O imaginário vendedor de crack —na realidade o delegado Roberto Monteiro— chefiava uma operação contra o tráfico, em um prédio abandonado no centro de São Paulo, e acabou confundido.

O policial classificou o episódio como "triste" e "surreal". Já o usuário, ao notar que a negociação não iria adiante, logo partiu —não sem antes pegar seu dinheiro de volta.

A cena insólita, flagrada pela Folha no último dia 20, ilustra a dimensão do flagelo na região da cracolândia, agora pulverizada pela capital paulista após mais de quatro meses de controversas intervenções lideradas pelo prefeito Ricardo Nunes (MDB) e pelo governador Rodrigo Garcia (PSDB).

Desde que uma blitz desocupou a praça Princesa Isabel, onde se concentrava o fluxo, usuários perambulam e se instalam em pontos diversos, num jogo de gato e rato com as forças de segurança.

Espalhadas, as minicracolândias têm prejudicado comerciantes e assustado pedestres e moradores, muitas vezes acuados entre a desordem pública, a insegurança e as recorrentes ações de repressão.

Um ponto crítico parece ser a rua Helvétia. No último dia 13, escamoteados em barracas e bancas, traficantes vendiam crack livremente a poucos passos de uma delegacia. Não longe dali, na região da Santa Ifigênia, moradores contam que, à noite, o feirão ocorre aos gritos de "olha o pó, olha a pedra".

Coibir o agrupamento em um só local faz parte do modelo adotado por prefeitura e governo do estado. Avalia-se que a desarticulação obstrui o comércio de entorpecentes e facilita intervenções para estimular usuários a buscar tratamento.

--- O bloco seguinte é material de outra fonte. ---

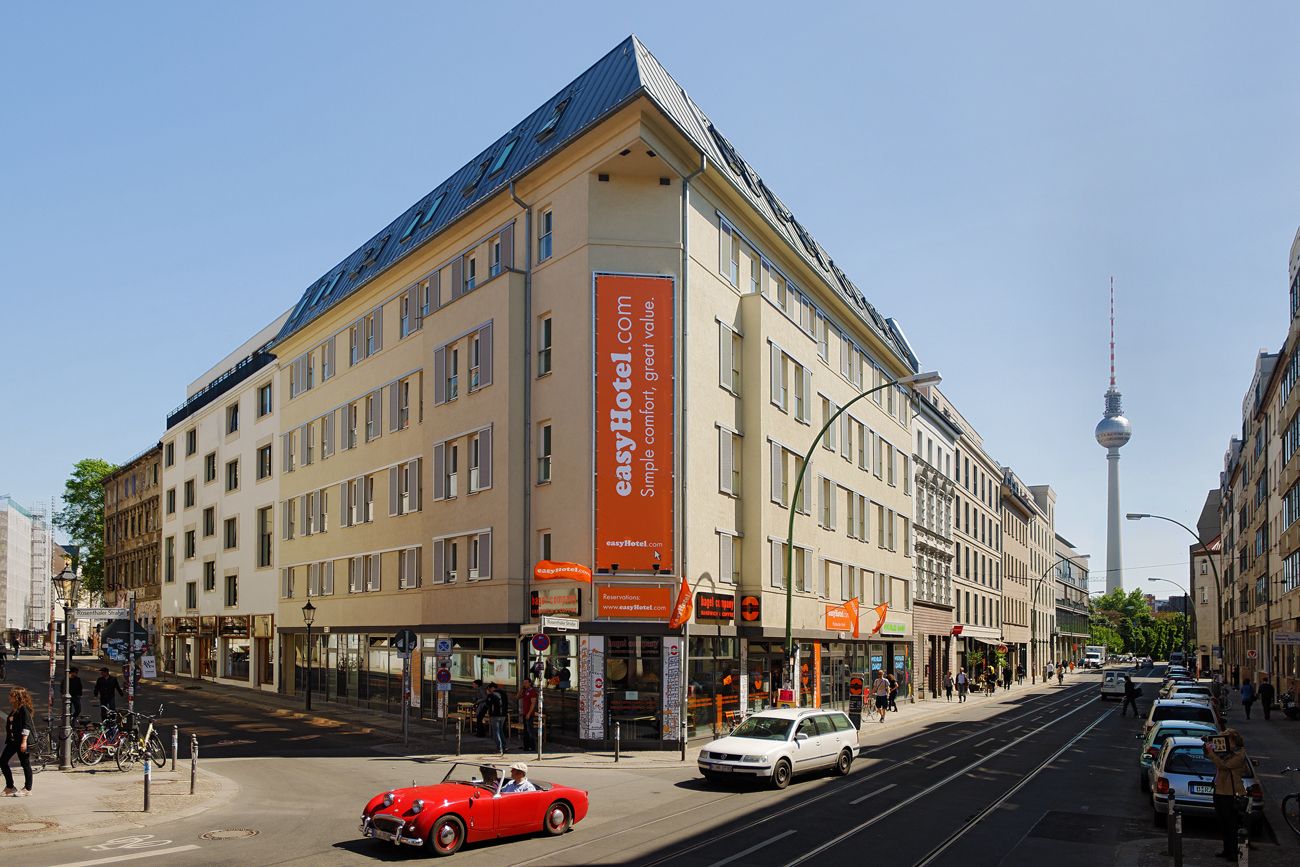 Exterior view of the easyHotel in Berlin, located on a street corner, with a red classic car driving by and the Berlin TV Tower visible in the background.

A estratégia é criticada por especialistas que defendem uma política de redução de danos menos repressiva e de acolhimento.

Os resultados até agora se limitam a prisões que parecem não inibir o crime, apreensões esporádicas e algumas internações.

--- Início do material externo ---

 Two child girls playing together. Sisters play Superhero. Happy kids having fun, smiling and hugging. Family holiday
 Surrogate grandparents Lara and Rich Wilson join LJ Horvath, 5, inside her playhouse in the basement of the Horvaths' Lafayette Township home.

Não resta dúvida de que ainda é cedo para cobrar resultados duradouros diante de uma chaga que assola a cidade há décadas.

As incertezas, contudo, podem crescer em 2023 com uma possível troca de comando no Bandeirantes. É crucial que os postulantes, entre eles o incumbente, esmiúcem seus planos além de promessas vagas e soluções simplistas.